A menina canta - Semanario Brecha

A menina canta

El esperado estreno local de Marisa Monte se dio en un auditorio Adela Reta colmado, en tres funciones seguidas.

Marisa

La telonera fue Alfonsina, quien cantó acompañada únicamente de su guitarra.1 Pese a tener que hacerlo con la luz de sala encendida, mientras la gente todavía se estaba acomodando, logró acaparar la atención con su técnica vocal espectacular y su seguridad como guitarrista, que desplegó en tres canciones con elementos de tango, flamenco, blues, fox y vals. Es más, luego de escucharla, en términos estrictamente vocales la propia Marisa Monte quedó opacada, quizá porque no tenía la voz en su mejor estado (su registro más grave era casi inexistente). Por suerte el problema tendió a atenuarse en el correr del show, no porque ella recuperara sus graves, sino porque el programa pareció calculado para ir ganando cada vez más agudos (una forma de hacer que el repertorio “levante” mientras la garganta se calienta).
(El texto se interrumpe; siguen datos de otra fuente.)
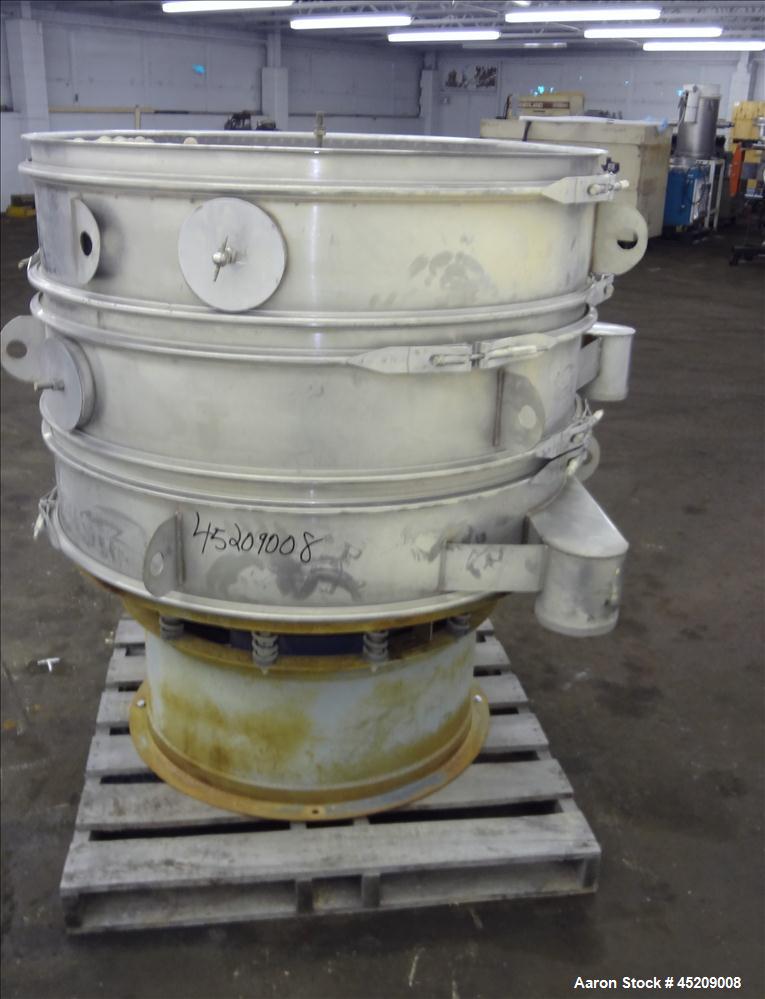 Used Stainless Steel Dewco Screener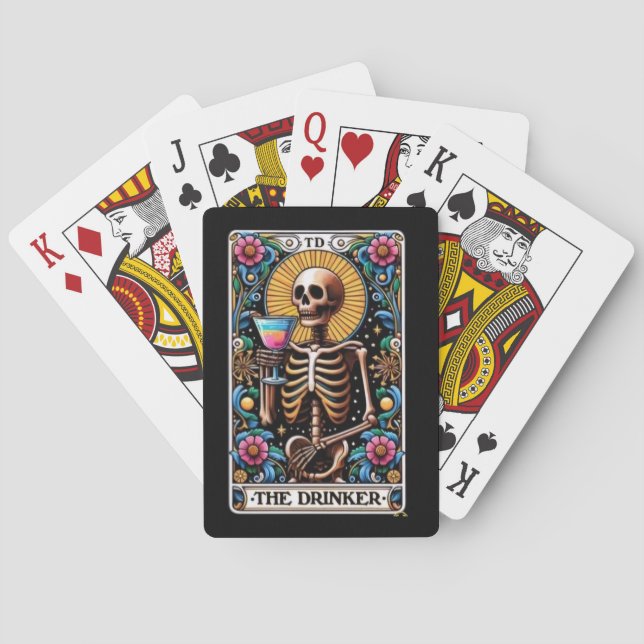 Drinker Skeleton Tarot Poker-kort Casinokort (Baksidan)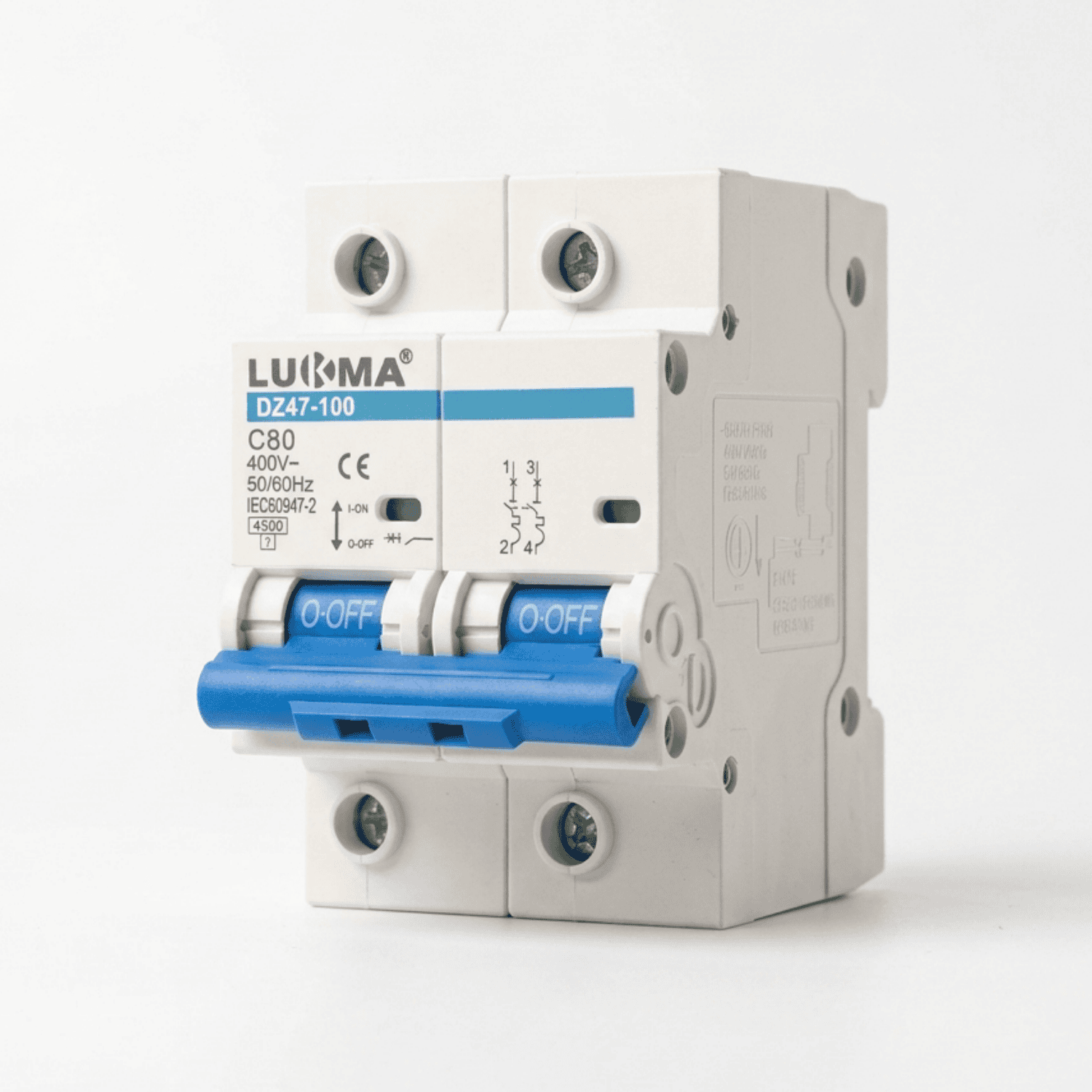 disjuntor bipolar 80A lukma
El espectáculo que vimos fue una especie de retrospectiva de los grandes mojones de su trayectoria. Por lo que ella contó, y si entendí bien, fue preparado especialmente. Cuesta creerlo, porque tanto los arreglos como la iluminación eran tremendamente elaborados. El espectáculo empezó totalmente a oscuras con “Infinito particular”, y únicamente en los estribillos un foco iluminaba puntualmente el rostro de la cantante. Recién durante la segunda canción se reveló su precioso atuendo: vestido rojo y flores también rojas en el pelo, mientras tocaba el cavaqui-nho; era como una versión depurada de esas cantantes latinoamericanas que solían actuar en casinos antes de la Segunda Guerra.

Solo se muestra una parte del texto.